Types of Rugs for your Dining Room - Rugs Direct
The dining room is where you entertain guests and spend valuable family time, but what shape, material or pattern of rug best suits all these occasions? Finding a dining room rug that’s both stylish and practical has long been a challenge, but they’re out, trust us.
In this article, we’ll ensure you understand which rug material to go for, what size will fit the shape of your room and how it can add style.
Rug should fit naturally in your dining room
It’s often said that choosing a rug before decorating is best practice. In most cases this could work, but what happens if you already love the current décor and furnishings in your dining room?
You may have a preferred colour or a rug pattern in mind, but make sure it will fit with the style and décor of your dining room. Whether it’s the pattern, design or colour, the style of rug needs to be in keeping with the room and should ultimately add to it.
For instance, dark red walls and a mahogany table would ideally fit with dark tones on an area rug. The centre piece of the room is generally the dining room table so framing it with an area rug, but not going overboard on bright colours, would subtly highlight its features.
And once you’ve purchased a rug, you shouldn’t have to rearrange your dining room to make sure it fits. By thoroughly mapping out your room beforehand and understanding which rug will complement the space, your new rug will seamlessly fit straight into your plans.
Think about rug longevity
There are multiple rug fabrics and materials to choose from and each with their own unique function. In the case of a dining room rug, it needs to be tough and durable yet still add style to the room.
We suggest that short-pile or flat weave rugs are the ideal dining rug choice. Shag rugs and other thick, fluffy types are extremely comfortable, but in high foot-traffic areas they will invariably be worn down. Not only do short-pile and flat weave rugs have good longevity but they prevent your chairs from jarring against the material.
Natural fibre rugs such as wool and cotton are the easiest to clean when it comes to stain removal, but make sure to avoid any synthetic fibre blends as they tend to trap dirt. Depending on the style or design you’d like, indoor outdoor rugs are a durable and stain-resistant option that can be easily scrubbed.
Finally, if you’re going for the ‘something different’ style in your dining room then why not try carpet tiles? These interlocking squares are generally used as a carpet alternative but can work as an interesting and practical dining room rug. They come in various patterns, textures and hues to match any décor, while each square can be removed to clean or be replaced if the stain is not washable.
Avoid light colours
This is common sense really, but when choosing a colour for your rug, think about stains. Light hues, whether white, a light grey or beige are too exposed to stains so you can’t relax around the dining room table – especially if you’re the host of a dinner party!

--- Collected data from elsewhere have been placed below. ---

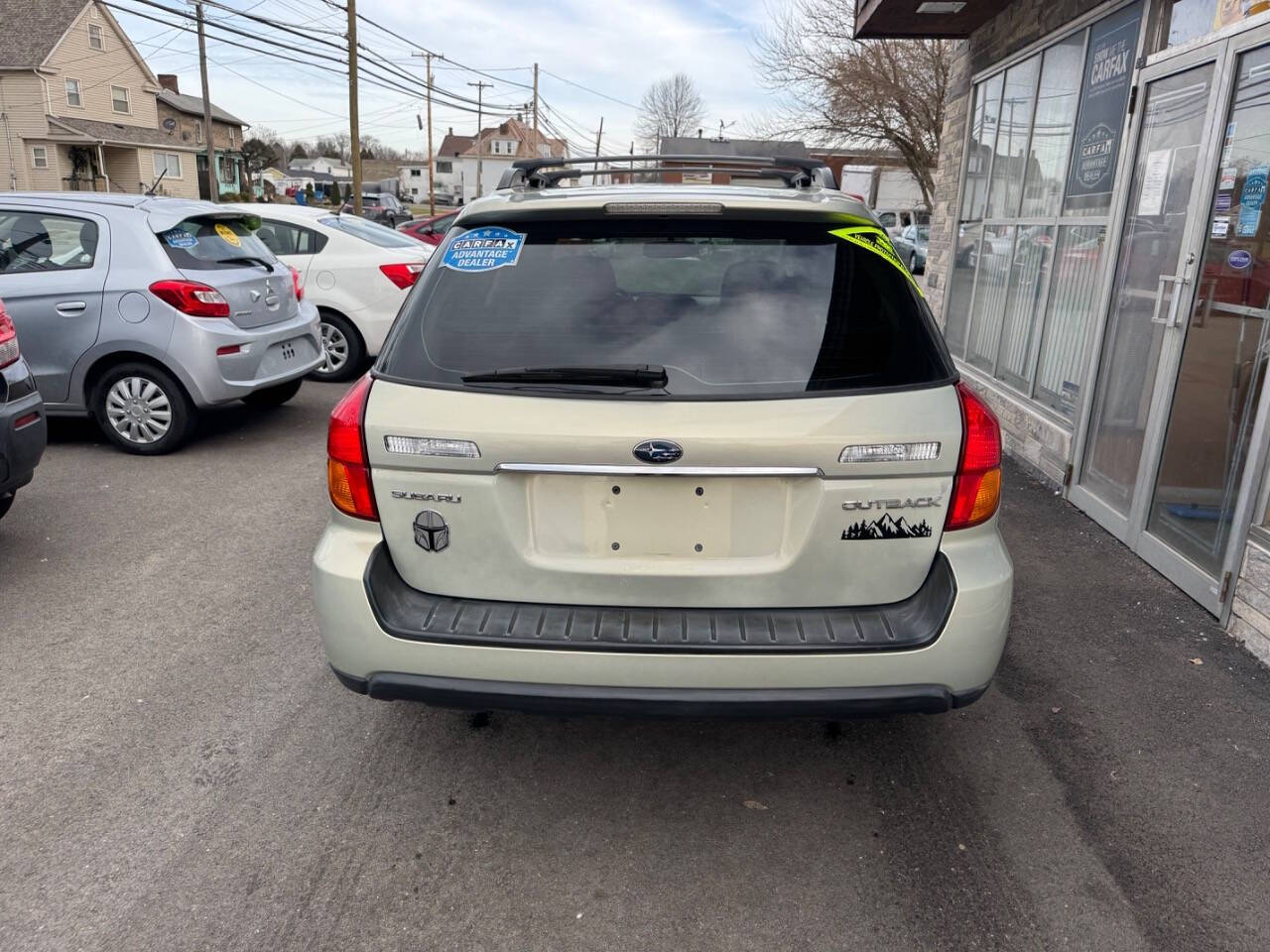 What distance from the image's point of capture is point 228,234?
7.07 meters

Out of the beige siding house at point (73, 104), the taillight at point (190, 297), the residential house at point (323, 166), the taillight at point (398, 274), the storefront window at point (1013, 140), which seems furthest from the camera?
the residential house at point (323, 166)

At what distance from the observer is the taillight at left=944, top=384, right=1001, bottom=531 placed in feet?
8.29

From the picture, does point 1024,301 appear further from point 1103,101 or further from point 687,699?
point 687,699

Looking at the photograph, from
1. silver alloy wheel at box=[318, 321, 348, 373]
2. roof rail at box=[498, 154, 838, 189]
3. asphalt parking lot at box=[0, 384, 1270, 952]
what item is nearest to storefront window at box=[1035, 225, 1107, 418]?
asphalt parking lot at box=[0, 384, 1270, 952]

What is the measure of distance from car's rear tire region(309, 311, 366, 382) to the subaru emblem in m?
7.70

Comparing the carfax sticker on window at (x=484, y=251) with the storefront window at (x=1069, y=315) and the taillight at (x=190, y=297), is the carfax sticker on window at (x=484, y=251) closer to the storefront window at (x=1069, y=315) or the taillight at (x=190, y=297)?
the taillight at (x=190, y=297)

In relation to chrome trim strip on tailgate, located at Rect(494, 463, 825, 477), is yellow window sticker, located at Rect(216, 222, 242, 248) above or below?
above

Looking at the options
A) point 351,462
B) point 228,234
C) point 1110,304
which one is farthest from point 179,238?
point 1110,304

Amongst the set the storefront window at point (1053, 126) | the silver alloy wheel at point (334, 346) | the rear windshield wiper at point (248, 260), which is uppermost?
the storefront window at point (1053, 126)

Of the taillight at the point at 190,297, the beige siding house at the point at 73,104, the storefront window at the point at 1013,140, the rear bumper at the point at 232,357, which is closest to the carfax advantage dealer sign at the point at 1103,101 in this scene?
the storefront window at the point at 1013,140

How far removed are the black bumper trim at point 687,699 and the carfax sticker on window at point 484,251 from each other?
1.18 m

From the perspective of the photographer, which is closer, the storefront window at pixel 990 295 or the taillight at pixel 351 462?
the taillight at pixel 351 462

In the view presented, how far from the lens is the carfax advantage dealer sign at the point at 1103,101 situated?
5.86m

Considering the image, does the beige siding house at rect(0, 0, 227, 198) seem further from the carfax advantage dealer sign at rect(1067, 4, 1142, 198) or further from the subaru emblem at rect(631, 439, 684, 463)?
the subaru emblem at rect(631, 439, 684, 463) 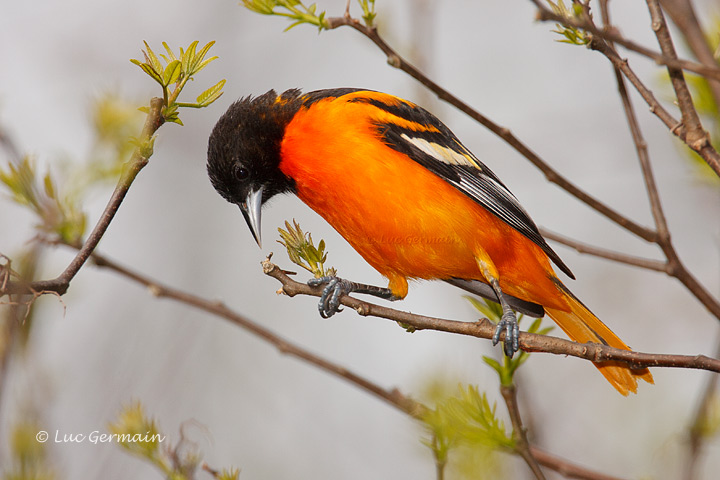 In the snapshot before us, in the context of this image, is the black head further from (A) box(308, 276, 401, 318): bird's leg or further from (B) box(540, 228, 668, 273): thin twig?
(B) box(540, 228, 668, 273): thin twig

And rug colours aren’t just there to cover up stains. They can blend the room together or be used as a striking centrepiece. Add your personality to your dining room with a geometric patterned rug or even have a bright single colour to add atmosphere.
Always go too big
It’s common for dining room rugs to frame the dining room table, but how much extra space around the table do you need to allow for? As a general rule of thumb, allowing 20-30 inches (50-75cm) around the table will give guests enough space to pull out their chairs without snagging on the rug.
If you have a large dining room, you may want to extend the rug even further to limit exposed areas. For a smaller dining room, an area rug used under the table may have to be reconsidered if it ends up touching the walls – you don’t want a carpet. If this is the case, either avoid a rug completely or find space for a throw or runner rug alongside the table.
Matching rug shape to room/table shape
When it comes to matching rugs with your room, it’s often easier to accurately match the shapes up – i.e. round rug for round room, a square rug for a square room. This appeals to the eye and is a seamless fit. However, there are exceptions.
A round dining room table looks excellent with a square rug in a square room; the table becomes the centrepiece. Whereas, if you have a square dining room table with a round rug in a square room, it would look quite jarring and not so pleasing to the eye.
Choose a low nap rug and an underlay
Using a rug that’s either a low nap or smooth is essential for stopping guests catching their chairs on the rug. Indoor/outdoor rugs are a very apt option for this as they have a smooth, durable surface, while other natural fibre rugs work well too.
Another way to help the rug be as safe as possible is using an underlay (rug pad). The weight of the dining room table and chairs can damage the floor underneath the rug as the small bits of dirt scratch it. An underlay will prevent this from happening and also stop the rug from slipping at any point.